HANOI, July 30, 2018 – Human trafficking affects every country in the world, whether as a country of origin, transit, or destination for victims. Children make up almost a third of all human trafficking victims worldwide, according to the United Nations Office on Drugs and Crime (UNODC) Global Report on Trafficking in Persons. Additionally, women and girls comprise 71 per cent of human trafficking victims.
In order to raise awareness and encourage the international community to take increased action against human trafficking, the United States Embassy, the International Organization for Migration (IOM), and the United Nations Action for Cooperation against Trafficking in Person (UN-ACT) co-hosted a one-day workshop and event in Hanoi to commemorate both the World Day Against Trafficking in Persons and Vietnam’s National Day Against Human Trafficking on July 30.

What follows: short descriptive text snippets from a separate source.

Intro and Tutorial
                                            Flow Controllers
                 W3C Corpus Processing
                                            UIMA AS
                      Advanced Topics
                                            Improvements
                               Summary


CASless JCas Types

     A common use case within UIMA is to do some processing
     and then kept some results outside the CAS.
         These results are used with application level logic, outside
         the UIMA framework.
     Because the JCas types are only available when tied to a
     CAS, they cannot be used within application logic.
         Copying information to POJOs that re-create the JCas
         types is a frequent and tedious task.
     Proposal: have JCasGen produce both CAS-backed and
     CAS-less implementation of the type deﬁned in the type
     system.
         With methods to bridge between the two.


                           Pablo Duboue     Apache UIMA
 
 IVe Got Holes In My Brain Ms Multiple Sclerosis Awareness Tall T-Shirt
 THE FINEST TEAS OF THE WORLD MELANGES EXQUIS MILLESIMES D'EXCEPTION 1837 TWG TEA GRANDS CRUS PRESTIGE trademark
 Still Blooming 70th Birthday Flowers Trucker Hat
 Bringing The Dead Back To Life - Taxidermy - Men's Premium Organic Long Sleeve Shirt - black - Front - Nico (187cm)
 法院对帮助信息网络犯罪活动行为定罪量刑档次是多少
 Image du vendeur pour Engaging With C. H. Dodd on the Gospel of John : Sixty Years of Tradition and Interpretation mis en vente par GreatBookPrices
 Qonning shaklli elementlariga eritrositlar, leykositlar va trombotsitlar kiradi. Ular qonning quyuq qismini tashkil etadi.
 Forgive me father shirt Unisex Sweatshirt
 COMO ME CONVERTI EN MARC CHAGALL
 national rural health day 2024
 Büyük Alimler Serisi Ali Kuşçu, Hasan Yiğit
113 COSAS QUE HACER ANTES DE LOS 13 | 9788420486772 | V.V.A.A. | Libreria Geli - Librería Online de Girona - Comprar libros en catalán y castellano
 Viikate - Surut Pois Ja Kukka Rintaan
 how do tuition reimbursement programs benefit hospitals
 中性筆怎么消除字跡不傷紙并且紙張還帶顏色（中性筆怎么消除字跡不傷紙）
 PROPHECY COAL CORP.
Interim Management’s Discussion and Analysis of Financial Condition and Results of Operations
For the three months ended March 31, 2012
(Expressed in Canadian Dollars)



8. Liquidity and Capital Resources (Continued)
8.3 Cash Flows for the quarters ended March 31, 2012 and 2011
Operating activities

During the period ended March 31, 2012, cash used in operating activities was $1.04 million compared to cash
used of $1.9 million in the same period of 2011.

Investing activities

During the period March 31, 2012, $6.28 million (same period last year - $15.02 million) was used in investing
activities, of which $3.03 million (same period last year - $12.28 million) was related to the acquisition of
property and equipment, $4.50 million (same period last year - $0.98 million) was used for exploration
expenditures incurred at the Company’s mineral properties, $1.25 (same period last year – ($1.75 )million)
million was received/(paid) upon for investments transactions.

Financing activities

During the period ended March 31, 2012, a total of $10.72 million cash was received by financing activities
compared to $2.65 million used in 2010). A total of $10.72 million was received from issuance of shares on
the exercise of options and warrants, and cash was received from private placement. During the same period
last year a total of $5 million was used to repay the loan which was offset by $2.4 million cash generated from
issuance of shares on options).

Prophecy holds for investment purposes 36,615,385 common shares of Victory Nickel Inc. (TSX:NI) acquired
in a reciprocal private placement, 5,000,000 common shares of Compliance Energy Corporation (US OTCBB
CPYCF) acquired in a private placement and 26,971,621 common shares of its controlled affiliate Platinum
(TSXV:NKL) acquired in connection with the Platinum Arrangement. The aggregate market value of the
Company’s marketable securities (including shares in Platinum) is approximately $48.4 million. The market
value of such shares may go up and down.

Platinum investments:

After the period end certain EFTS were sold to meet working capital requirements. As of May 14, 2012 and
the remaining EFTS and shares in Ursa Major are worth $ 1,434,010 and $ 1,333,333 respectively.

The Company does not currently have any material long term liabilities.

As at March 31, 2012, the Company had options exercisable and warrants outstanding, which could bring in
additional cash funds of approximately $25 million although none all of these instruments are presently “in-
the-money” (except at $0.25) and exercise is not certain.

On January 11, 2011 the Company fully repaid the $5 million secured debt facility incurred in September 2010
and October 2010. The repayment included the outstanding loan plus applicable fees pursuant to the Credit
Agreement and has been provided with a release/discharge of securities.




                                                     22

“Trafficking in persons exists today in every country and every economic sector. Whether the business is apparel, clothing, coffee, entertaining or construction, this much is clear: no workplace or community is immune to human trafficking. As we mark the World Day against Trafficking in Persons, we are reminded, sadly, that those most vulnerable are too often exposed to disproportionate risks of exploitation and abuse when looking for better opportunities away from home,” said IOM Chief of Mission David Knight,.
This year, the UNODC has chosen “Responding to the Trafficking of Children and Young People” as the focus of the World Day against Trafficking in Persons. This year’s campaign highlights the fact that almost a third of trafficking victims are children. The theme draws attention to the issues faced by trafficked children and to possible action initiatives linked to safeguarding and ensuring justice for child victims.
“Today is an ideal opportunity to discuss gaps in effective law enforcement, and better understand the relevant articles of the new Penal Code,” U.S. Embassy Deputy Chief of Mission Caryn McClelland told the group. “Our collaborative efforts today matter. They will encourage proper implementation of the Penal Code and are crucial to ensuring traffickers face justice and ensure victims’ services are administered effectively throughout Vietnam. Together, we can take the necessary steps to end human trafficking in Vietnam.”
During the workshop, representatives from the Government of Vietnam, foreign embassies, international organizations, and non-governmental organization discussed Vietnam’s National Plan of Action (NPA) on anti-trafficking for the years 2016 – 2018, and learned about the application of the revised penal code’s Articles 150 and 151, which criminalized all forms of labor trafficking and most forms of sex trafficking.
During the NPA review workshop, the participants presented on their achievements as well as challenges related to the implementation of the plan of action. The workshop provided an opportunity for the representatives of governments and the international organizations to discuss recommendations and initiatives that will contribute to more effective implementation of the NPA for the period 2019-2020.